Matthew_Barnett 11 Mar 2024 0:01 UTC
2 points
0 ∶ 0
My guess is that at some point someone will just solve the technical problem of alignment. Thus, future generations of AIs would be actually aligned to prior generations and the group they are aligned to would no longer need to worry about expropriation.
I don’t think it’s realistic that solutions to the alignment problem will be binary in the way you’re describing. One could theoretically imagine a perfect solution — i.e. one that allows you to build an agent whose values never drift, that acts well on every possible input it could receive, whose preferences are no longer subject to extremal goodhart, and whose preferences reflect your own desires at every level, on every question — but I suspect this idea will probably always belong more to fiction than reality. The real world is actually very messy, and it starts to get very unclear what each of these ideas actually means once you carefully interrogate what would happen in the limit of unlimited optimization power.
A more realistic scenario, in my view, is that alignment is more of a spectrum, and there will always be slight defects in the alignment process. For example, even my own brain is slightly misaligned with my former self from one day ago. Over longer time periods than a day, my values have drifted significantly.
In this situation — since perfection is unattainable — there’s always an inherent tradeoff between being cautious in order to do more alignment work, and just going ahead and building something that’s actually useful, even if it’s imperfect, and even though you can’t fully predict what will happen when you build it. And this tradeoff seems likely to exist at every level of AI, from human-level all the way up to radical superintelligences.

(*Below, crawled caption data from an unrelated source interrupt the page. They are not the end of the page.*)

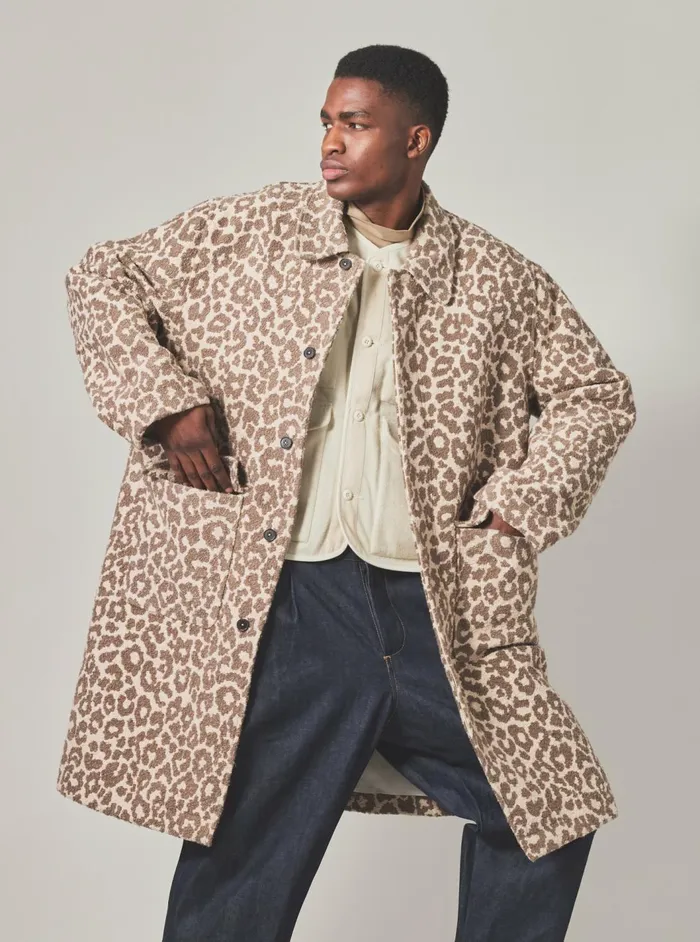 Account Coat In Natural Crazy Leopard Men Universal Works Coats and Outerwear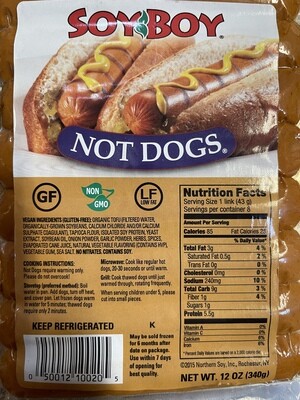 not dog, tofu hot dog, 12 oz; Soyboy
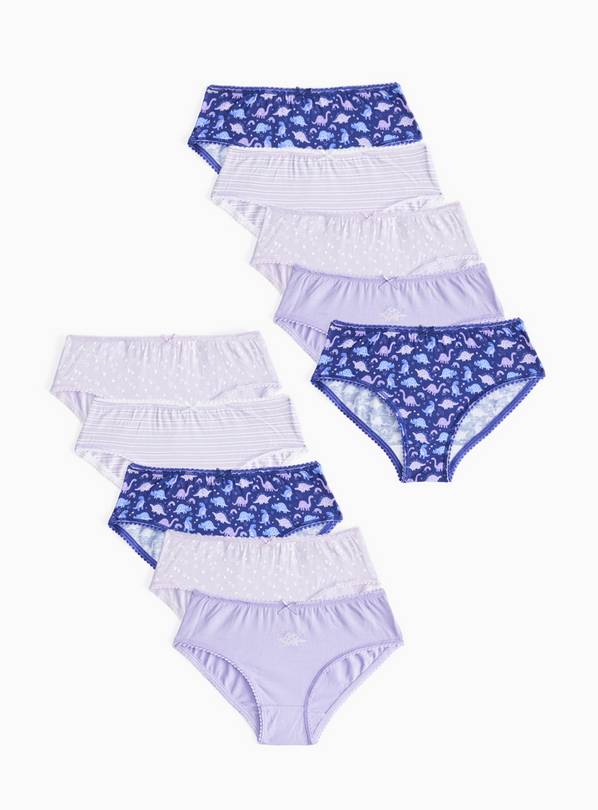 Purple Dinosaur-Themed Cotton Rich Briefs 10-Pack 2-3 years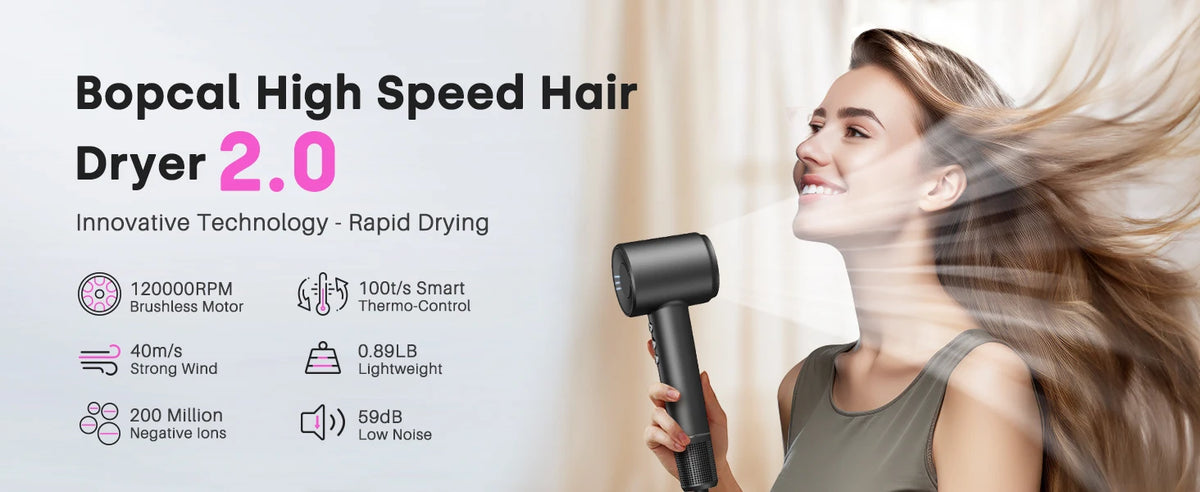 A woman is using a black Bopcal High Speed Hair Dryer 2.0 to dry her hair.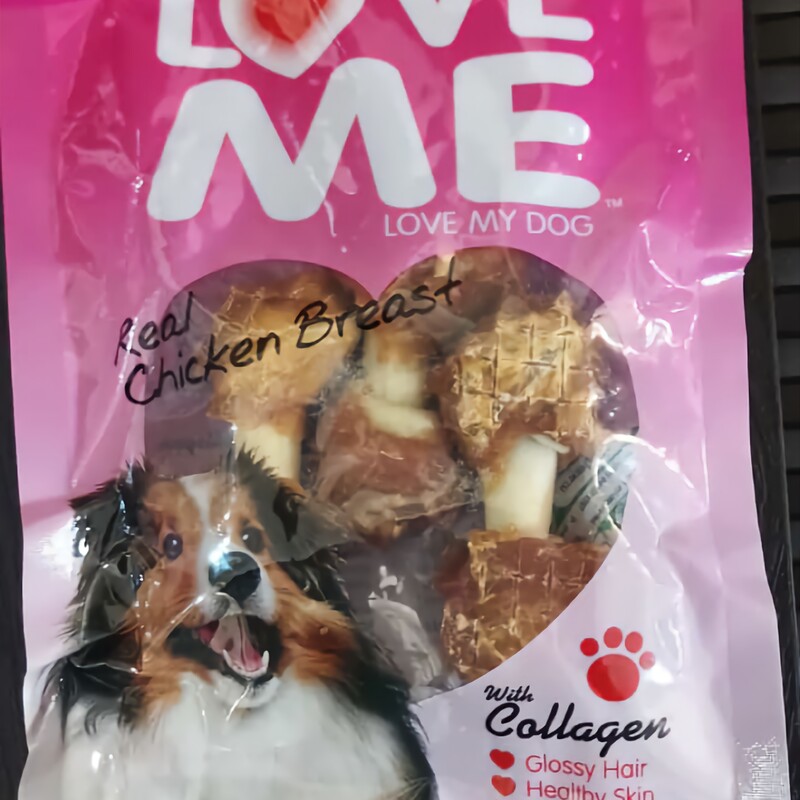 تشویقی سگ برند لاومی love me با طعم مرغ دو سر گره تاریخ تا 2025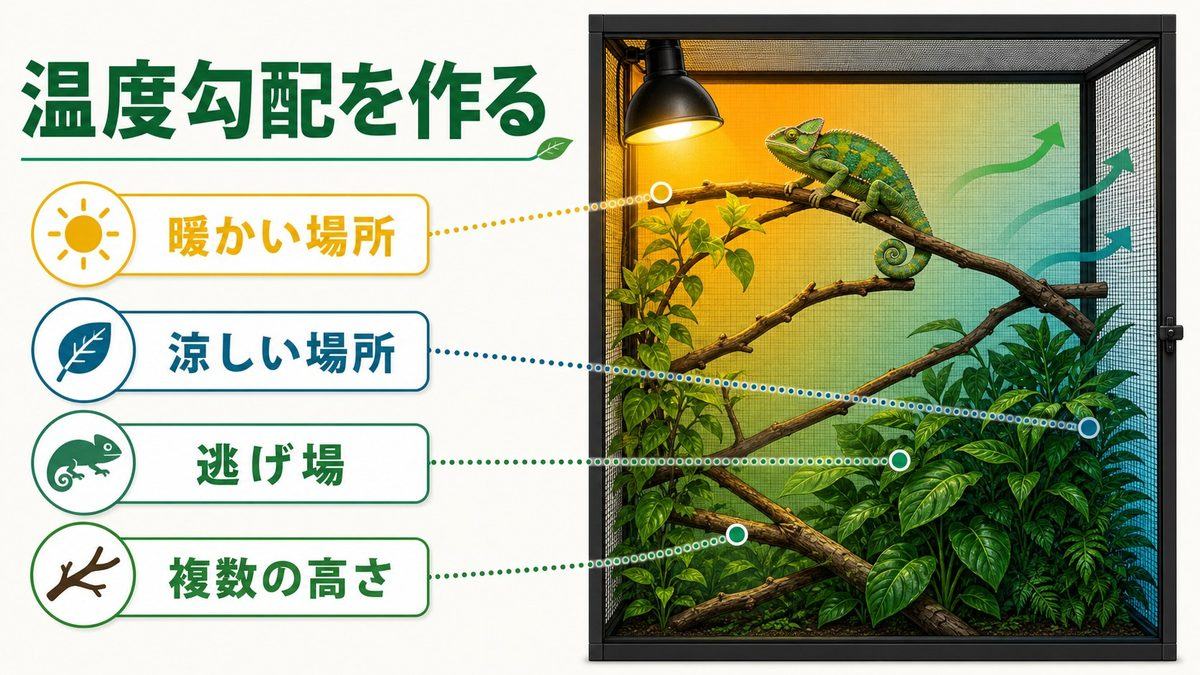 ケージ内の温度勾配(テンプグラデーション)を作るの要点をまとめたカメレオン・爬虫類飼育インフォグラフィック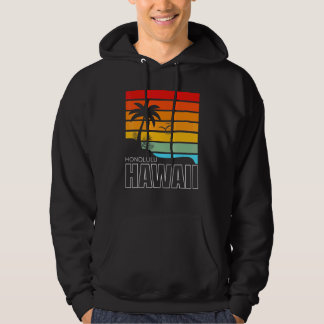 Aloha Hawaiian Beach Palm Trees Summer Retro Honol Hoodie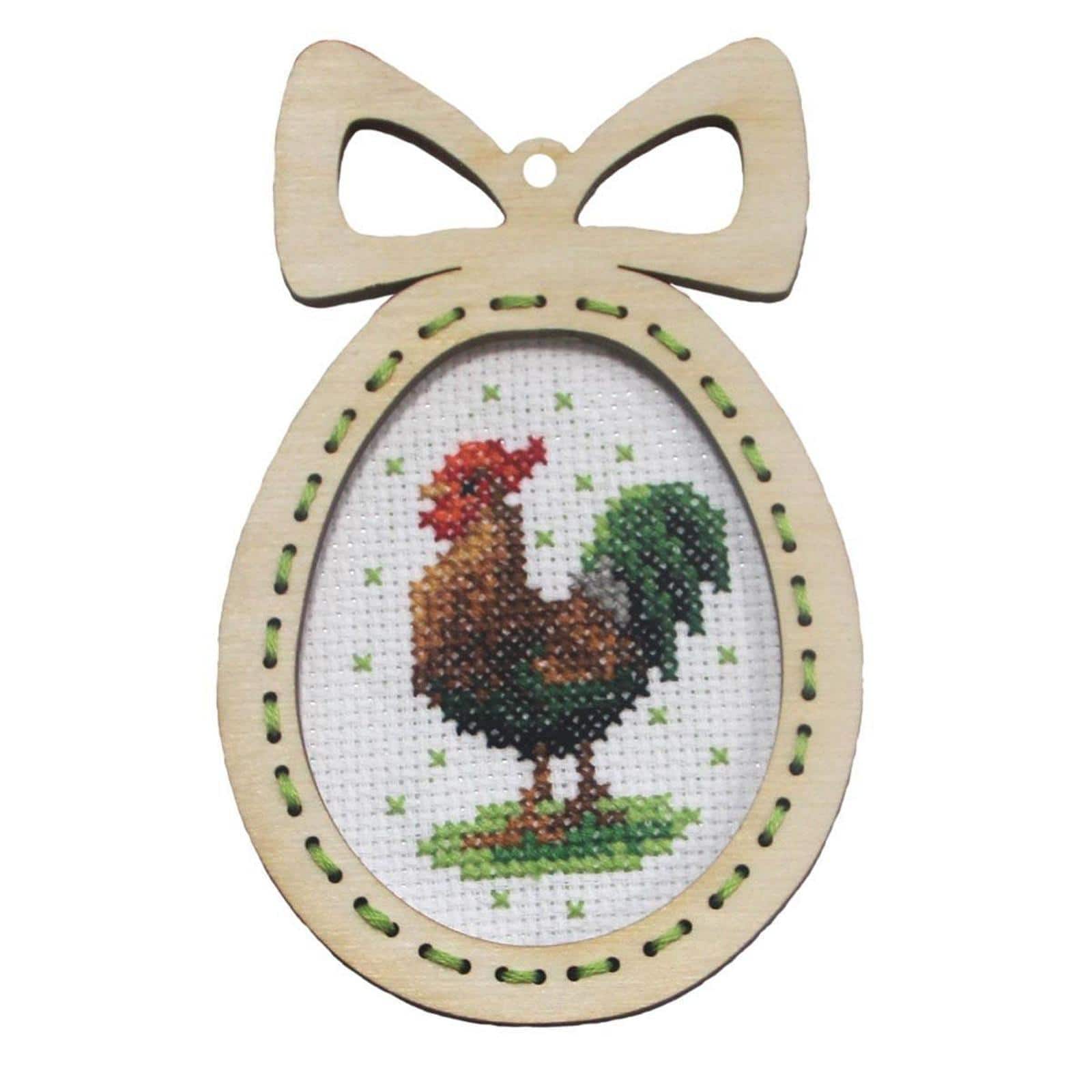 Orchidea Easter Egg Rooster Counted Cross Stitch Plywood Frame Craft Kit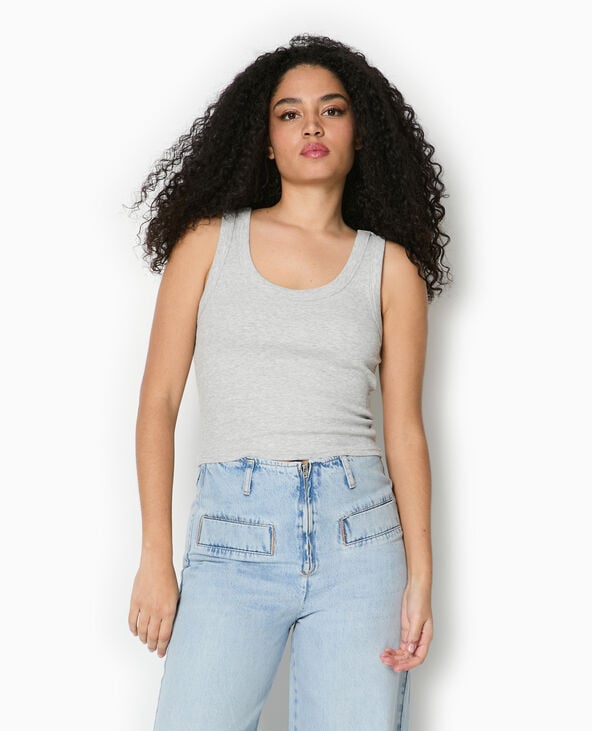 Pimkie Débardeur Court En Maille Côtelée - Gris Chiné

- Ryan Greenblatt 11 Mar 2024 0:16 UTC
  1 point
  0 ∶ 0
  Parent
  One could theoretically imagine a perfect solution — i.e. one that allows you to build an agent whose values never drift, that acts well on every possible input it could receive, whose preferences are no longer subject to extremal goodhart, and whose preferences reflect your own desires at every level, on every question — but I suspect this idea will probably always belong more to fiction than reality.
  The main reason to expect nearly perfect (e.g. >99% of value) solutions to be doable are:
  - Corrigibility seems much easier
  - Value might not be that fragile such that if you get reasonably close you get nearly all the value. (E.g., I currently think the way I would utilize vast resources on reflection probably isn’t that much better than other people who’s philosophical views I broadly endorse.)
- Ryan Greenblatt 11 Mar 2024 0:06 UTC
  1 point
  0 ∶ 0
  Parent
  I don’t think it’s binary, but I do think it’s likely to be a sigmoid in practice. And I expect this sigmoid will saturate relatively early.
  - Ryan Greenblatt 11 Mar 2024 0:17 UTC
    1 point
    0 ∶ 0
    Parent
    Another way to put this is that I expect that “fraction of value lost by misalignment” will quickly exponentially decay with the number of AI generations. (This is by no means obvious, just my main line guess.)